Krissia holds a BSc in Computational Physics (2011) as well as an MSc (2014) and a PhD in Theoretical Physics (2018) from the University of São Paulo. After graduating, she collaborated with groups at Northeastern University (US), ICTP-SAIFR (BR) , Royal Holloway University of London (UK) and Trinity College Dublin (IRE) as a postdoctoral researcher. Currently, she is an assistant professor at the São Carlos Institute of Physics.

More about me

Professional self

My academic adventure started at the São Carlos Institute of Physics, in Brazil 🇧🇷, where I obtained my BSc, MSc and PhD. It has since taken me around the world ✈️ as a nomadic researcher. After a few postdocs, I returned to my alma mater as an assistant professor 👩‍🏫.

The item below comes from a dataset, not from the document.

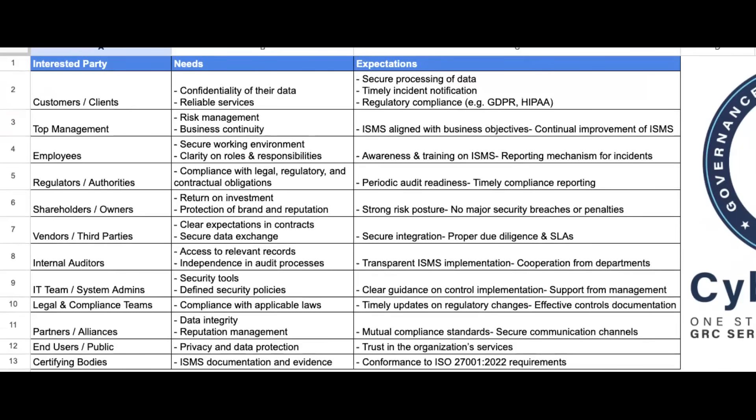From an information security perspective, what are the requirements of your clients? They need confidentiality of your data — they are trusting in you. They need reliable services; if you're not offering them reliable services, they are gone. Their expectation is that you will securely possess their data, timely notify them in case of any incident, and follow all regulatory compliances — the law of the land.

I am fortunate to have a wonderful group of fellows helping me in our various quests to unveil many-body entanglement! We named ourselves QuCoA 🍫, a title inspired by my passion for quantum correlations and the need to make a joke about my addiction to chocolate. Together, we are working 🦾 to answer questions that remain open in the many-body problem. Some of them are fundamental; others are driven simply by curiosity. Nonetheless, exploring them may help advance quantum sciences. So, wouldn’t you be tempted?

Personal self

Beyond my professional life, I enjoy drawing 👩🏻‍🎨, swimming 🏊🏻‍♀️, traveling 🧳, baking 🍰, attending heavy metal festivals 🎸, and I have a fondness for cats 🐈 and ice cream 🍦(actually gelato 😉).

If you attend one of my talks or lectures, you will see that am a big fan of Bitmojis! And, if you come over to visit me in São Carlos, it is very likely that you will be indulged with brigadeiros 🍬.

Brigadeiros

For those not familiar with this Brazilian delicacy, a nice definition is: brigadeiros are a strongly correlated state of cocoa and condensed milk. Are they entangled?

Well, to answer that question, one first has to build a minimal model for this system, including the preparation protocol. Let's make it a quantum thermodynamics problem. We start with the hamiltonian.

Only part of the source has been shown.